Searching for GPOs
Applies To: Windows Server 2003, Windows Server 2003 R2, Windows Server 2003 with SP1, Windows Server 2003 with SP2
GPMC provides extensive capabilities to search for GPOs within a domain or across all domains shown in a forest. This search feature allows you to search for GPOs based on:
Display name of the GPO.
Whether or not a specific domain contains links to the GPO.
The permissions set on the GPO.
The WMI filter that is linked to the GPO.
The type of policy settings that have been set in the User Configuration or Computer Configuration in the GPO, such as folder redirection or security settings. Note that you cannot search based on the individual settings configured in a GPO.
GUID of the GPO.
Figure 24 shows the GPO Search dialog box.
Figure 24
The GPO search by name and by GUID functions allow the user to search for a GPO by the GPO display name or by GUID associated with the GPO. The search by User Configuration or Computer Configuration allows the user to find GPOs that contain certain types of Group Policy settings. Refer to Table 3 for a list of the Group Policy settings allowed in this search feature.
The search by security group feature allows the user to find GPOs that have certain permissions applied to them. You can search for GPOs that either explicitly have these permissions (or explicitly do not have these permissions) or that have these permissions effectively applied to them (or not). An explicit permission on a GPO means the security principal is directly referenced in the ACL on the GPO. An effective permission means the security principal has permissions on the GPO either as the result of an explicit ACE, or because of its group membership. These factors combine to give a security principal the merged or effective set of permissions they have on the GPO.

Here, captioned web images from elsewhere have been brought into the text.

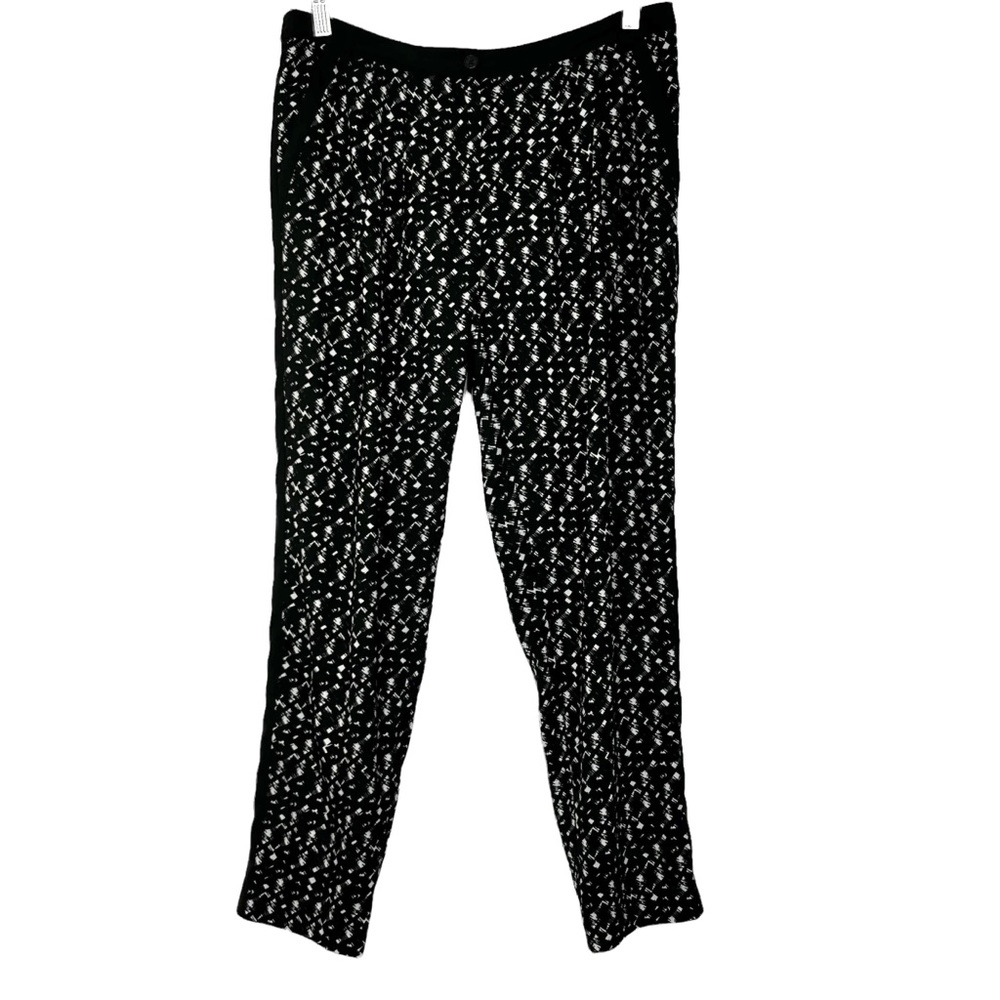 Vince Camuto Printed Straight Leg Pants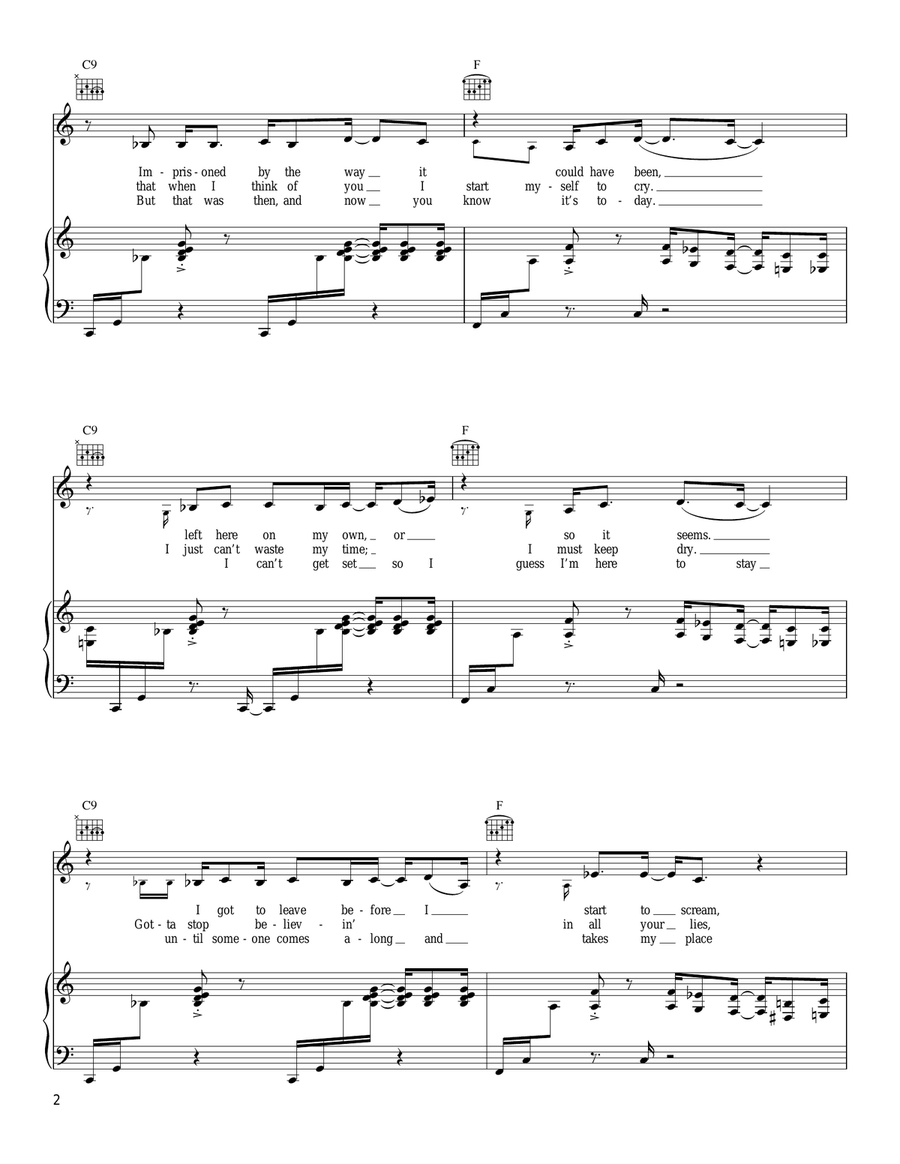 Feelin' Alright Piano, Vocal, Guitar scores gallery preview page 2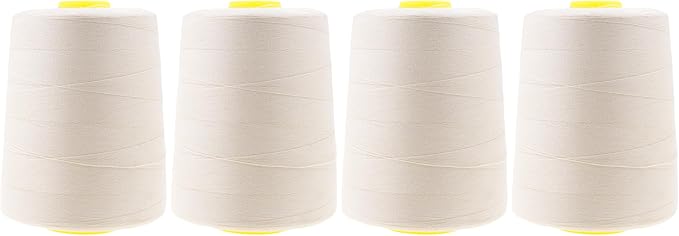 Mandala Crafts 4 Pack of Serger Threads Cones Spools by MandalaCrafts
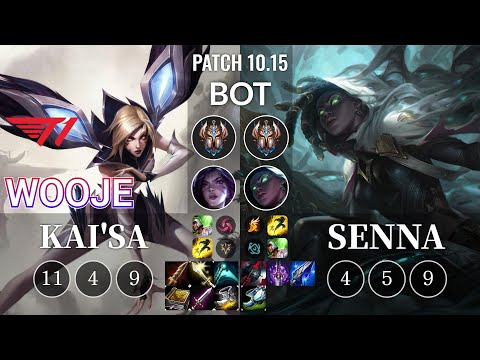 T1 Wooje Kai'Sa vs Senna Bot - KR Patch 10.15
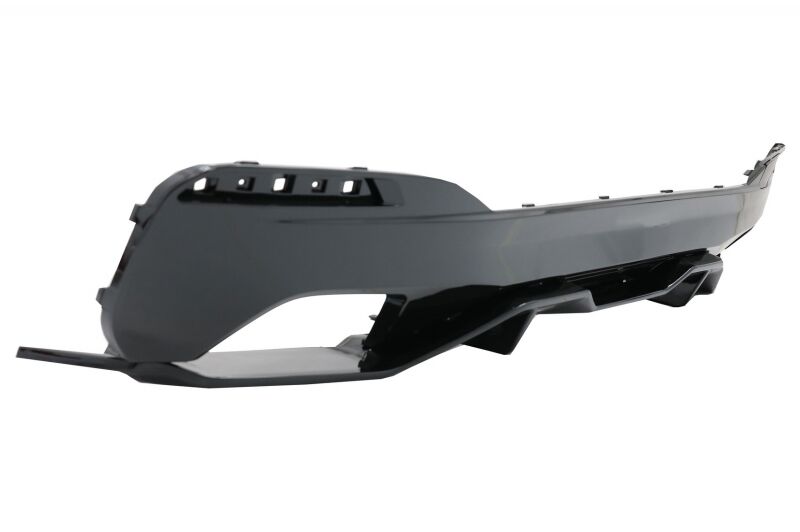 Bumper Spoiler Lip with Diffuser and Side Skirts Extension suitable for BMW 5 Series G30 Limousine G31 Touring (2017-2019) M Sport Design - Image 15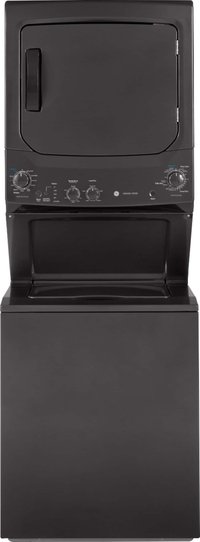 GE - 3.8 Cu. Ft. Top Load Washer and 5.9 Cu. Ft. Gas Dryer Laundry Center - Diamond Gray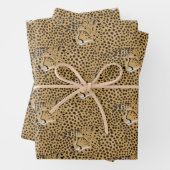 Cheetah Wrapping Paper Sheets Geschenkpapier Set (Beispiel)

Searching by GPO-Link allows the user to find unlinked or cross-domain linked GPOs. For example, if you are searching for GPOs in a given domain and you perform a search where GPO links do NOT exist in that domain, this search type will return the list of unlinked GPOs.
Searching by GPOs that link to a WMI filter allows the user to find all GPOs that link to a specified WMI filter.
Table 3 summarizes the GPO search actions and how they can be used.
Table 3
Search Item | Search Condition | Value |
---|---|---|
GPO name |
Contains Does not Contain Is Exactly |
GPO Display name |
GPO-Link |
Exist in Does not Exist in |
Domain name(s) [All Sites] |
Security Group |
Has this explicit permission Does not have this explicit permission Has this effective permission Does not have this effective permission |
Apply Settings Edit Settings Edit Settings, Delete, Modify Security Read Settings |
Linked WMI filter |
Is Is not |
WMI Filter name |
User Configuration |
Contains Does not Contain |
Folder Redirection Internet Explorer Branding Registry Scripts Software Installation |
Computer Configuration |
Contains Does not Contain |
EFS Recovery IP Security Microsoft Disk Quota QoS Packet Scheduler Registry Scripts Security Software Installation Wireless Group Policy |
GPO GUID |
Equals |
GUID |
Note
When searching based on user or computer configuration, if a setting is enabled, and then all the settings in that extension are removed, there can be false-positive search for certain types of settings. This happens because the GPO has the extension listed as active. The extensions with this behavior are Security Settings, Software Installation, Folder Redirection, Internet Explorer Maintenance, and Encrypting File System (EFS).